A revolution in manufacturing is underway that may enable the most sensitive pieces of a nuclear weapons program to be transferred and produced around the globe. In the Additive Manufacturing (AM) process, 3-D printing machines build objects of virtually any shape from digital build files—the essential data telling printers how to construct an object—by laying down successive layers of material.1 Since objects are built from scratch, one can make products in shapes and to standards impossible under any other method, and the digital nature of this automated process takes most of the skill out of fabrication. AM allows the manufacture of better products, with less effort, and at a fraction of the cost of traditional methods. As a result, it is hardly surprising that General Electric, Aerojet Rocketdyne, and the Chinese People’s Liberation Army are already using AM to print sophisticated metal parts for jet engines, rocket propulsion systems, and fighter aircraft, respectively.2
Like many disruptive technologies, however, AM has a dark side. The widespread adoption of AM will make it easier for countries to acquire nuclear weapons, and more difficult for the international community to detect and stop them. If building the bomb is like solving a giant jigsaw puzzle, one of the hardest parts is simply getting all the necessary pieces.3 Attempts to buy or build these items—such as the components of a gas centrifuge—are fraught with obstacles and set off alarm bells to the existence of a covert weapons program. In contrast, with a 3-D printer and the right digital build files, a country can print many of the specialized components for a nuclear program quickly, with little technical skill, and at low cost. Moreover, hiding such a fabrication effort would be much easier than under traditional manufacturing methods, rendering obsolete many of the international community’s tools for spotting illicit nuclear activity. In short, AM may provide a way for countries to print the pieces of the nuclear jigsaw indigenously before anyone notices.

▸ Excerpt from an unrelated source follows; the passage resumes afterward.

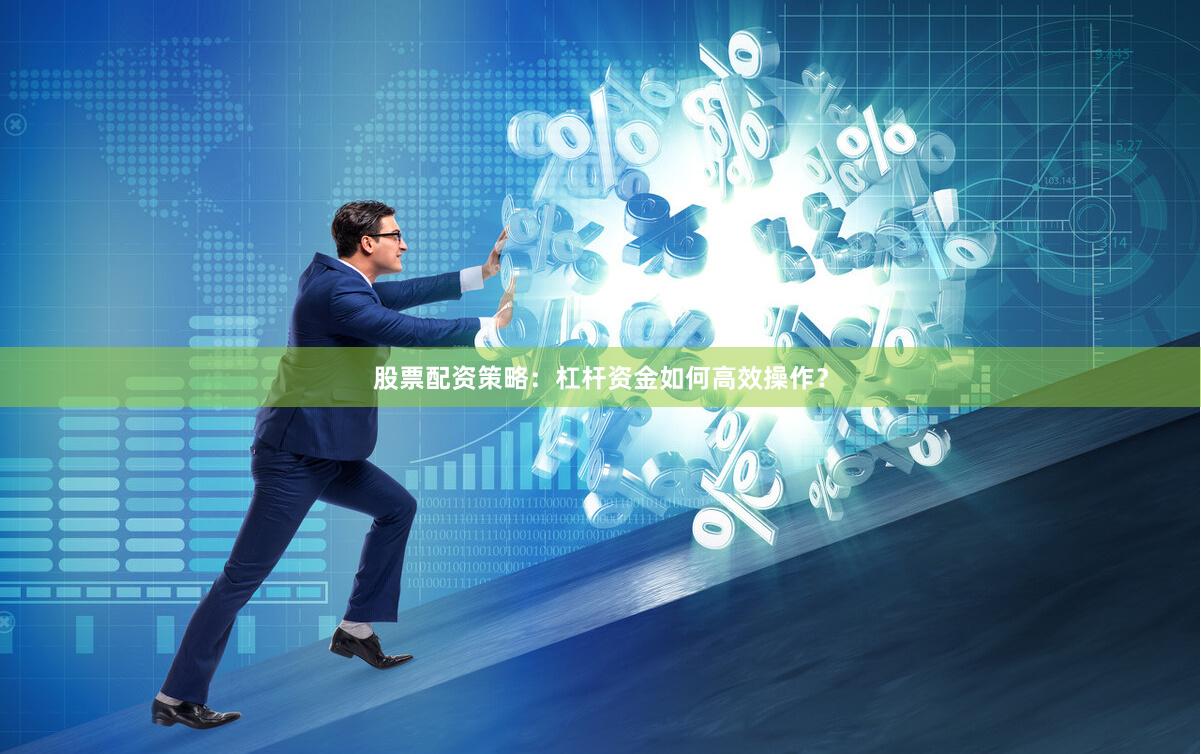 股票配资策略：杠杆资金如何高效操作？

Fortunately, the proliferation potential of AM has not yet fully materialized, so the United States can still lead an international effort to prevent an AM-enabled cascade of nuclear weapons proliferation before it is too late. This multifaceted problem demands a strategy that combines the bottom-up efforts of expert working groups and top-down attention from the highest levels of national governments and international organizations. Together, they can work to create new multilateral frameworks, update existing control regimes, and develop technical fixes that will allow the world to reap the benefits of AM while mitigating its proliferation dangers...
1 “3D Printing Scales Up,” The Economist, September 7, 2013, http://www.economist.com/ news/technology-quarterly/21584447-digital-manufacturing-there-lot-hype-around-3dprinting-it-fast.
2 Andrew Zaleski, “GE’s Bestselling Jet Engine Makes 3-D Printing a Core Component,” Fortune, March 5, 2015, http://fortune.com/2015/03/05/ge-engine-3d-printing/; “Aerojet Rocketdyne Successfully Demonstrates 3D Printed Rocket Propulsion System for Satellites,” Reuters, December 15, 2014, http://www.reuters.com/article/2014/12/15/idUSnGNX8FQrs1+1d8+GNW20141215; Brooke Kaelin, “World’s Largest 3-D Printed Titanium Aircraft Part on Display in China,” 3-D Printer World, August 19, 2013, http://www.3dprinterworld.com/article/worlds-largest-3d-printed-titanium-aircraft-partdisplay-china.
3 Matthew Kroenig, Exporting the Bomb: Technology Transfer and the Spread of Nuclear Weapons (Ithaca: Cornell University Press, 2010); David Albright, Peddling Peril: How the Secret Nuclear Trade Arms America’s Enemies (New York: Free Press, 2010).